Missouri, Kansas & Texas Railway Co. v. Kirkham

The opinion of the court, was delivered by

Pollock, J.:

This is an action brought to recover from a railway company damages for the killing of nine calves, alleged to have been caused by negligence of the company in making a shipment of a car-load of seventy-two calves from the city of Chanute to the city of Burlington. On the day of the shipment, the calves were driven a distance of eleven or twelve miles *256over muddy roads, arriving in the city of Chanute about four p. m., were loaded in a car which left the city of Chanute on a special freight-train about five p. m., and arrived at the city of Burlington about 8 : 25 p. m. The pens of the defendant company being muddy, the calves were removed therefrom upon the evening of arrival, and were driven some distance that night. The shipment was made under a special live-stock contract, a copy of which was attached to plaintiff’s bill of particulars in justice’s court, where the action was instituted. This contract, among other things, provided :

“The shipper further expressly agrees that, as a condition precedent to his right to recover any damages for any loss or injury to said cattle resulting from carrier’s negligence as aforesaid, including delays, he will give notice in writing to the conductor in charge of the train, or the nearest station- or freight-agent of the carrier on whose line the injuries occur, before said cars leave that carrier’s line, or before the cattle are mingled with other cattle, or removed from pens at destination. In his notice he shall state place and nature of the injuries complained of, to the end that they may be fully and fairly investigated, and said shipper shall, within thirty days after the happening of the injuries complained of, file with some freight- or station-agent of the carrier on whose line the injury occurred his claim therefor, giving the amount. Shipper’s failure to comply with the requirements of this section shall absolutely defeat and bar any cause of action for any injuries resulting to said cattle as aforesaid. . . .No agent of this company has any authority to waive, modify or amend any of the provisions of this contract.” . . .

No notice of damages was given, or claim made, to the conductor in charge of the train at Burlington, or to the station-agent at said place, until the following day, and until the cattle had been removed from the *257pens at point of destination. Plaintiff had judgment in justice’s court and the railway company appealed. Upon a trial in the district court plaintiff had judgment, and the railway company prosecutes this proceeding in error. It was found by the jury that plaintiff overloaded the car; that sixty-five of the calves shipped were as many as could properly be loaded into the car in which they were shipped.

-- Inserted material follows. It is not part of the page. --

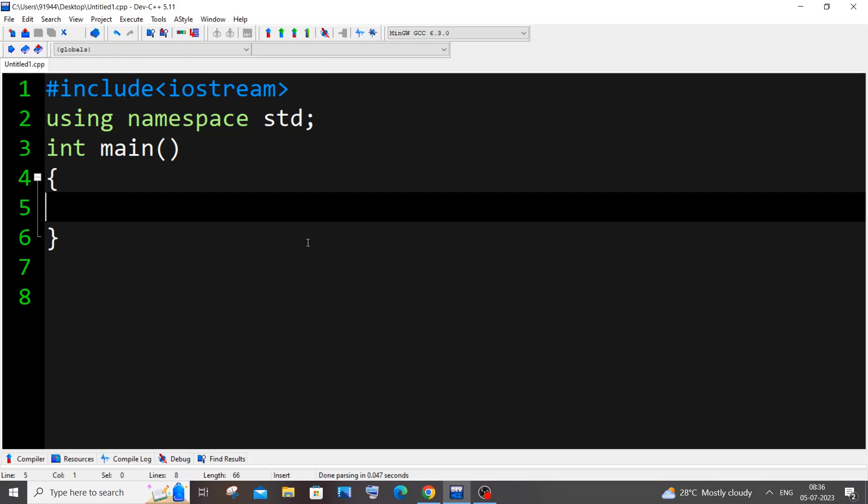Hi everyone. In this video I'll be showing you how to find the largest digit of a number in C++. For this we will be using four important steps with the help of a while loop. Let me just first list down the four steps. The first thing is we will be getting a number n from the user, or you can hard code it.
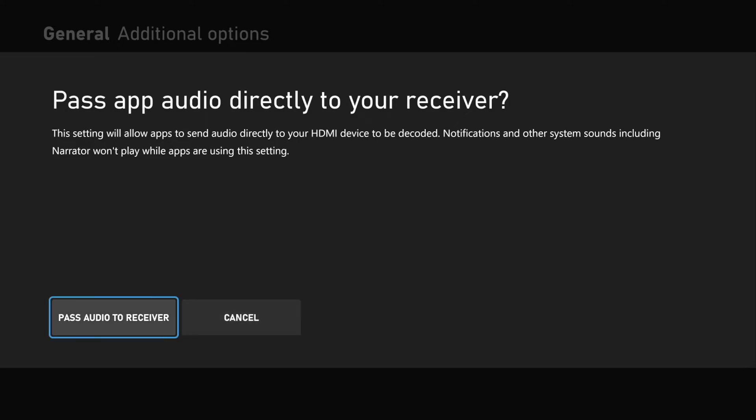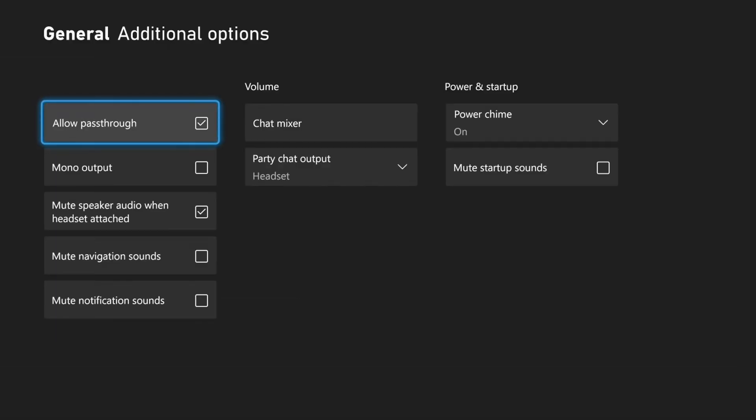So just go to the Pass Audio to Receiver and checkmark this. And that setting will now be on.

. The principal ground of error claimed is in the following instructions of the court:

“3. The contract entered into between the plaintiff and the defendant for the shipment of the calves is in writing, and is attached to the plaintiff’s bill of particulars in this case, and the conditions of such contract are binding upon the parties, unless for some reason the terms and conditions have been waived, or the performance of the conditions rendered impossible or unnecessary by the action of the parties or one of them.”'
“5. If you find that the said calves in question were killed by the carelessness and negligence of the defendant railway company, and that the plaintiff himself was not guilty of negligence in loading the calves, and that due notice of the claim for damages was given as required by the contract, or that the necessity for giving such notice was waived, then you will find for the plaintiff in the sum the evidence shows he was damaged.”
“9. If, when the car came into Burlington and the plaintiff discovered that the calves were dead, or that he wanted to claim damages for any reason, it was his duty to make a claim in writing for such damages of the conductor of the train or the station-agent. If the station-agent was not at the station when the calves were unloaded, and he could not, for that reason, give notice on that day and before mingling the stock with other cattle, and if he gave such notice, even though the cattle were removed from the yards of the company a short distance at the time of such *258notice, that would be sufficient. . ■ . . If the station-agent was at the station and saw the condition of the stock, and plaintiff at once drove them away, and then, on the next day, the plaintiff made the demand in writing, that would be sufficient as to the written notice, as required by the contract in this-case.”

Live-stock contracts similar in their nature to the. one here involved have received the consideration of this court, and, where fairly entered into by both parties, in the absence of fraud, have been held conclusive and binding on the parties. (Goggin v. K. P. Rly. Co., 12 Kan. 416; Sprague v. Mo. Pac. Rly. Co., 34 id. 347, 8 Pac. 465.) Hence, it must be held that the terms and conditions of this special contract were binding upon these parties and should have been so declared by the court.

This contract also expressly provides that “no agent of this company has any authority to waive, modify or amend the provisions of this contract.” In the face of this express provision in the contract which was binding upon the parties, neither the station-agent in charge of the company’s station at the city of Burlington, nor the conductor in charge of the train, had any authority to waive the notice in writing stipulated in the contract; and the instructions of the court above quoted, based upon a waiver of the conditions of the contract by the station-agent, on account of his knowledge of the death of the calves upon the arrival of the train, or upon any other waiver of the terms and conditions of the contract by the agent of the company, attempted to be shown in this case, were erroneous, for which errors the judgment is reversed.

Doster, O. J., Smith, J., concurring.